L’introduction de l’IA et l’évolution du marché du travail

Avec l’avancée technologique rapide, l’IA devient un élément incontournable dans plusieurs secteurs. Ainsi, des entreprises américaines comme Microsoft, IBM, ou Meta ont annoncé la suppression de milliers de postes, expliquant que les technologies d’intelligence artificielle et d’automatisation devaient prendre le relais de certaines tâches humaines. Mais cette tendance ne se limite pas aux États-Unis, et des entreprises françaises commencent aussi à intégrer l’IA dans leurs processus, avec des conséquences pour l’emploi.

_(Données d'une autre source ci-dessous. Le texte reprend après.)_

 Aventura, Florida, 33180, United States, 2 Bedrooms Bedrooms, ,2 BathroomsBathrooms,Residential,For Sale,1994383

Des licenciements liés à l’IA en France

En septembre 2024, le plan de sauvegarde de l’emploi d’Onclusive a marqué le premier cas médiatisé de licenciement directement imputable à l’IA en France. L’entreprise, spécialisée dans la veille médiatique, a annoncé la suppression de 217 postes, soit plus de la moitié de ses effectifs, en justifiant la décision par l’apport de l’IA dans les processus de travail, mais aussi par la nécessité de moderniser des systèmes obsolètes. Quelques mois plus tard, un autre cas similaire a été révélé : un projet de plan social chez un acteur du secteur des médias, où des correcteurs seraient remplacés par des outils d’IA. Ces exemples soulignent que l’IA peut être perçue à la fois comme un moteur d’efficacité et un facteur d’élimination de postes.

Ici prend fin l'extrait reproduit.